• Data:
________________________
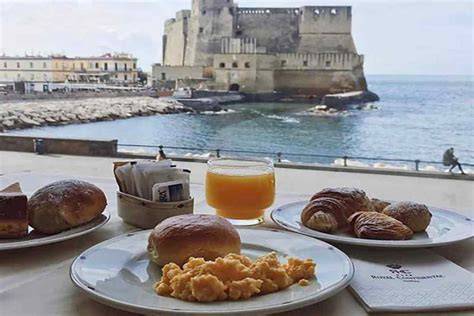 una tipica colazione salentina servita in una terrazza panoramica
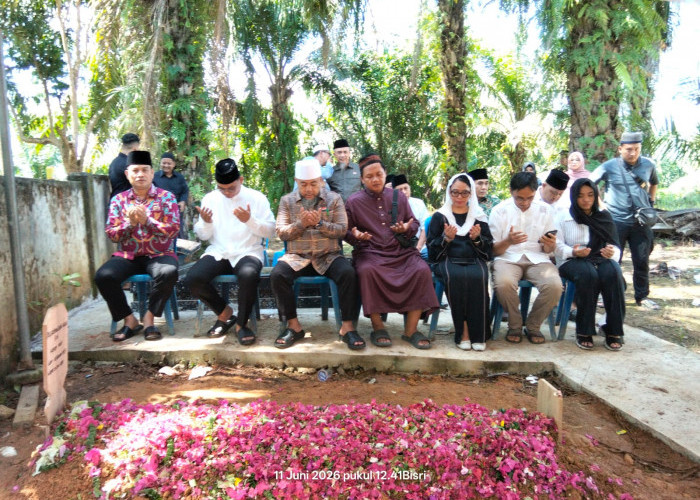 Gubernur Helmi Hadiri Pemakaman Orangtua Bupati Seluma dan Senator Destita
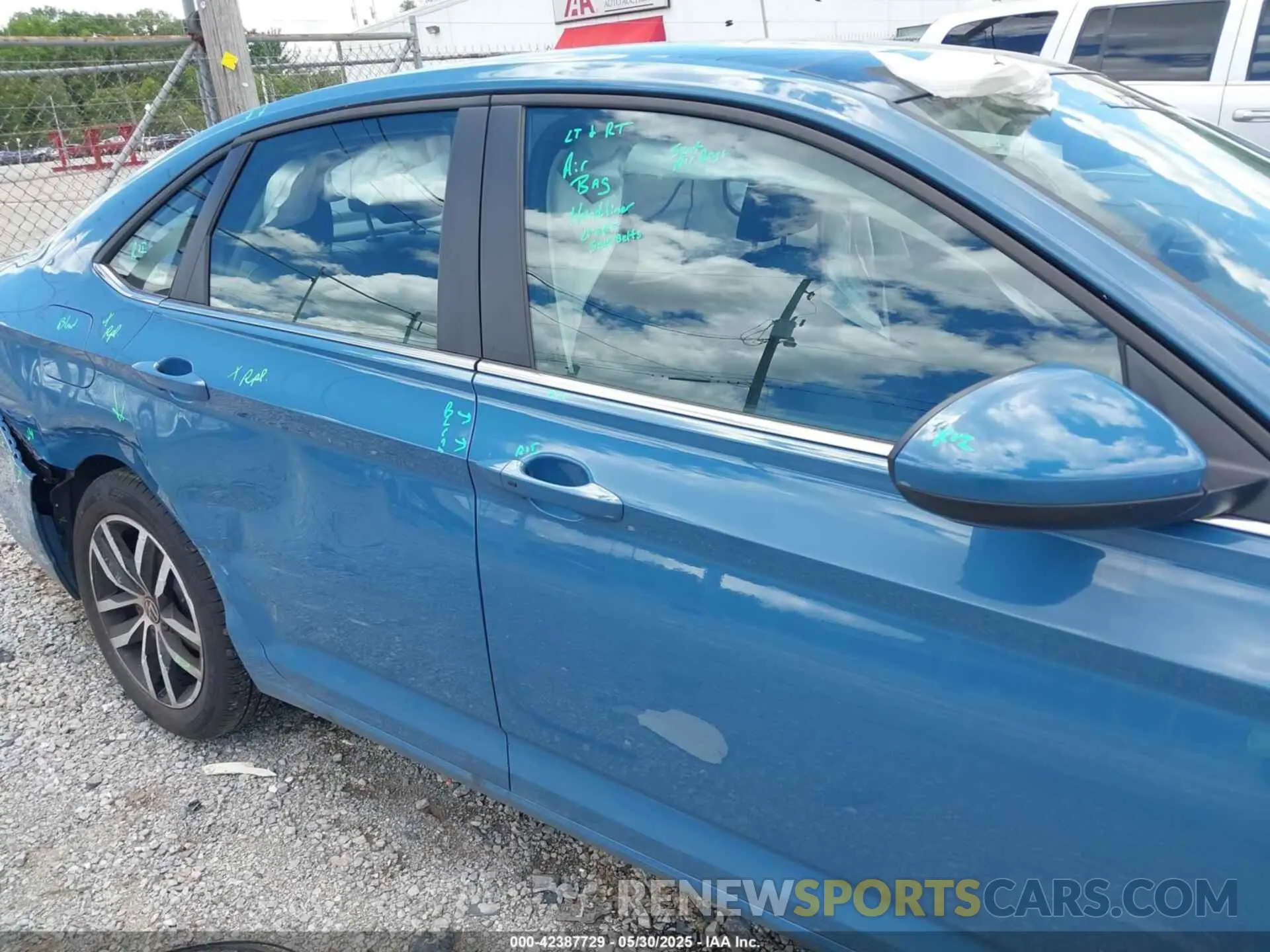 20 Photograph of a damaged car 3VW7X7BU2SM034585 VOLKSWAGEN JETTA 2025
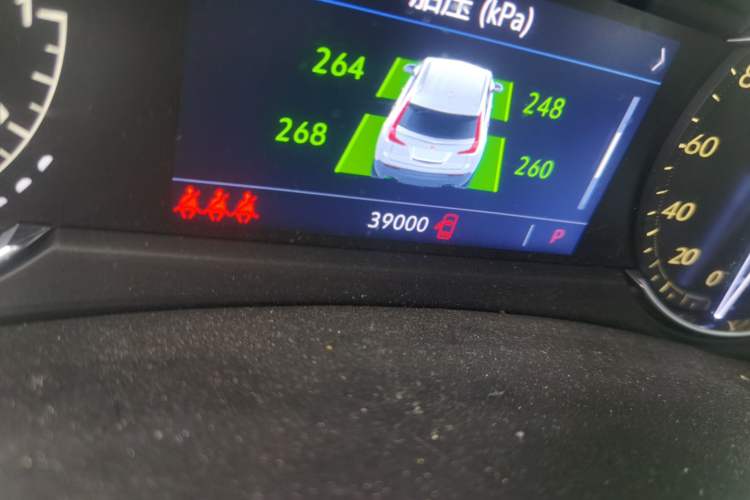 Used Cadillac XT4 2020 Revised Version 28T Two-Wheel Drive Leading Edition Odometer Close Up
________________________
• Problem details: Reproduce the material above exactly but drop all images.

• Your response:
 una tipica colazione salentina servita in una terrazza panoramica
 Gubernur Helmi Hadiri Pemakaman Orangtua Bupati Seluma dan Senator Destita
 20 Photograph of a damaged car 3VW7X7BU2SM034585 VOLKSWAGEN JETTA 2025
 Used Cadillac XT4 2020 Revised Version 28T Two-Wheel Drive Leading Edition Odometer Close Up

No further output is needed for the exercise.